これらの額から所得税、住民税、健康保険、厚生年金、雇用保険などの各種税金や社会保険料が引かれます。具体的には、以下のような割合で控除されることが一般的です。

 

所得税:約5%

住民税:約10%

健康保険:約5%

厚生年金:約9%

雇用保険:約1%

 

これらの控除を合計すると、約30%が差し引かれる計算になります。36万円の月収であれば、約10.8万円が控除され、手取りは25.2万円となります。女性の場合、27万円の月収で控除後の手取りは約18.9万円となります。

 

佐藤さん(仮名/36歳)の手取り収入は24万円。
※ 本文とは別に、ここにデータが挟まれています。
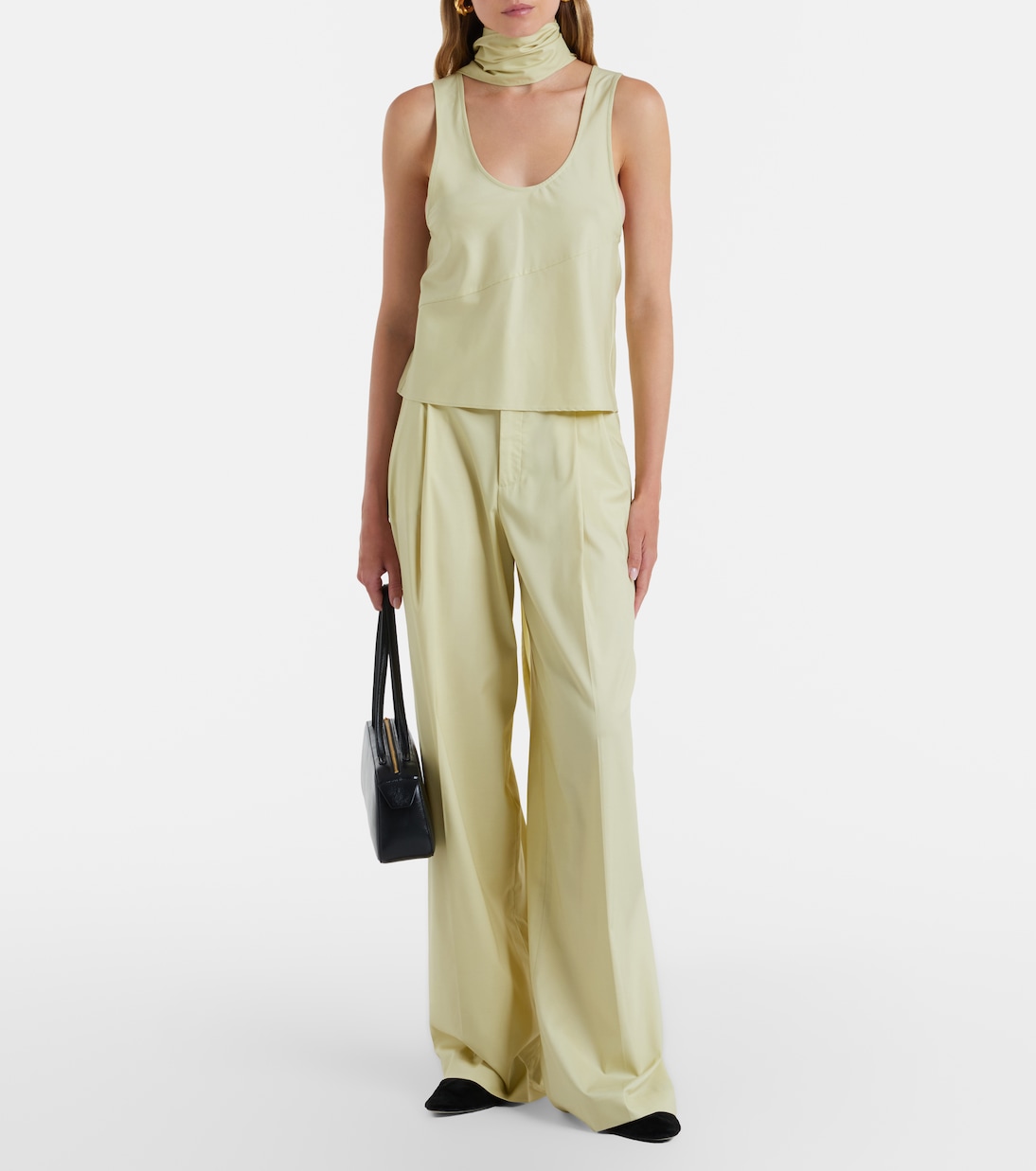 Plissierte Hose Olena mit weitem Bein | Aya Muse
そこから家賃や生活費を捻出する毎日は、決して楽ではありません。月々の支出は以下の通りです。

 

家賃:6万円

食費:4万円

光熱費:1万円

通信費:1万円

交通費:2万円

その他生活費:5万円

貯金:3万円

娯楽費:2万円

 

この内訳を見ると、収支はほぼギリギリです。貯金はわずかに3万円、娯楽費に回せるのも限られた額です。

 

「手取り24万円で生活するとなると、毎月のやりくりは大変です。突発的な出費があると、それだけで大きな痛手になります。例えば、急に家電が壊れたり、冠婚葬祭が重なったりすると、それだけで家計が一気に苦しくなります」

 

佐藤さんの手取りが少ない理由の一つに、年々増加する社会保障費の負担があります。「社会保険料や税金がどんどん引かれていくので、年収の割に手取りが少ないと感じます。特に健康保険や年金の負担が重く感じられます」と佐藤さんは語ります。

 

2000年代初頭から、年金や健康保険などの社会保障費の負担は増加し続けています。厚生労働省のデータによれば、2002年から2017年の間に、年収500万円の人の手取りは約35万円、年収700万円の人の手取りは約50万円も減少しました。この傾向は今後も続くと予想されています。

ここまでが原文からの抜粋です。